# Container runtime environment

LXD attempts to present a consistent environment to the container it runs.

The exact environment will differ slightly based on kernel features and user
configuration but will otherwise be identical for all containers.

## PID1

LXD spawns whatever is located at `/sbin/init` as the initial process of the container (PID 1).
This binary should act as a proper init system, including handling re-parented processes.

LXD's communication with PID1 in the container is limited to two signals:

- `SIGINT` to trigger a reboot of the container
- `SIGPWR` (or alternatively `SIGRTMIN`+3) to trigger a clean shutdown of the container

The initial environment of PID1 is blank except for `container=lxc` which can
be used by the init system to detect the runtime.

All file descriptors above the default 3 are closed prior to PID1 being spawned.

## File system

LXD assumes that any image it uses to create a new container from will come with at least:

- `/dev` (empty)
- `/proc` (empty)
- `/sbin/init` (executable)
- `/sys` (empty)

## Devices

LXD containers have a minimal and ephemeral `/dev` based on a `tmpfs` file system.
Since this is a `tmpfs` and not a `devtmpfs`, device nodes will only appear if manually created.

The standard set of device nodes will be set up:

- `/dev/console`
- `/dev/fd`
- `/dev/full`
- `/dev/log`
- `/dev/null`
- `/dev/ptmx`
- `/dev/random`
- `/dev/stdin`
- `/dev/stderr`
- `/dev/stdout`
- `/dev/tty`
- `/dev/urandom`
- `/dev/zero`

On top of the standard set of devices, the following are also set up for convenience:

- `/dev/fuse`
- `/dev/net/tun`
- `/dev/mqueue`

## Mounts

The following mounts are set up by default under LXD:

- `/proc` ({spellexception}`proc`)
- `/sys` (`sysfs`)
- `/sys/fs/cgroup/*` (`cgroupfs`) (only on kernels lacking cgroup namespace support)

The following paths will also be automatically mounted if present on the host:

- `/proc/sys/fs/binfmt_misc`
- `/sys/firmware/efi/efivars`
- `/sys/fs/fuse/connections`
- `/sys/fs/pstore`
- `/sys/kernel/debug`
- `/sys/kernel/security`

The reason for passing all of those is legacy init systems which require
those to be mounted or be mountable inside the container.

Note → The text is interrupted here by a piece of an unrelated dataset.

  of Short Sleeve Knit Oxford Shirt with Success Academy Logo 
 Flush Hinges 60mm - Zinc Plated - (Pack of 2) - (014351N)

The majority of those will not be writable (or even readable) from inside an
unprivileged container and will be blocked by our AppArmor policy inside
privileged containers.

## Network

LXD containers may have any number of network devices attached to them.
The naming for those unless overridden by the user is `ethX` where X is an incrementing number.

## Container to host communication

LXD sets up a socket at `/dev/lxd/sock` which root in the container can use to communicate with LXD on the host.

The API is [documented here](dev-lxd.md).

## LXCFS

If LXCFS is present on the host, it will automatically be set up for the container.

This normally results in a number of `/proc` files being overridden through bind-mounts.
On older kernels a virtual version of `/sys/fs/cgroup` may also be set up by LXCFS.